◆ Task brief
Copy each line below that has "gold".

(Source records)
· · · ·
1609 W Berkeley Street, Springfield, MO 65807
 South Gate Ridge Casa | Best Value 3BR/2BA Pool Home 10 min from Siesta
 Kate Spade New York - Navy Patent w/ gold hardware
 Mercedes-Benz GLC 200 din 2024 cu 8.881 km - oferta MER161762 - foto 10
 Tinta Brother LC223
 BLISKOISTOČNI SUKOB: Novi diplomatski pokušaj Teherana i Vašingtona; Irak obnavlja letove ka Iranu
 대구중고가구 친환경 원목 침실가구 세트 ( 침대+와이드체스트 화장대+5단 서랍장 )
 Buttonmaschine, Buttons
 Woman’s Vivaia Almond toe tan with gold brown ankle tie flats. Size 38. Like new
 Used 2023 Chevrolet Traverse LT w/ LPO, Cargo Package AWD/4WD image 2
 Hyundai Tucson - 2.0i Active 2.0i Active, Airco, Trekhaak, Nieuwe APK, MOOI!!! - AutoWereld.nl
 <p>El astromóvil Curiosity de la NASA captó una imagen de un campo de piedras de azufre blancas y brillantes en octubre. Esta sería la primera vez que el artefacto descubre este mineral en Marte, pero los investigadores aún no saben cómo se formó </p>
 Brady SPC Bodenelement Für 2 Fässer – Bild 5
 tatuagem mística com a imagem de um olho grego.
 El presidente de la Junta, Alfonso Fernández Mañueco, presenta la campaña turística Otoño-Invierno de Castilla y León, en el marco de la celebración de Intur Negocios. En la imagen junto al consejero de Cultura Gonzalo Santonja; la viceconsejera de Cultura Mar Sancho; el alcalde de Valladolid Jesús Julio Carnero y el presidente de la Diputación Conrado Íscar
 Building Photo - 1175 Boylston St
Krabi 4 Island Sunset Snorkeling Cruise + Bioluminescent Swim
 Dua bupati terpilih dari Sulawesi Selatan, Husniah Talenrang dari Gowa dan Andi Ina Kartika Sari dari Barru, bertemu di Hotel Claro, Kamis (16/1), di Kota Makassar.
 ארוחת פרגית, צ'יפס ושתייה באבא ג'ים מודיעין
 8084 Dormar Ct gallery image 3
· · · ·
◆ Answer below
 Kate Spade New York - Navy Patent w/ gold hardware
 Woman’s Vivaia Almond toe tan with gold brown ankle tie flats. Size 38. Like new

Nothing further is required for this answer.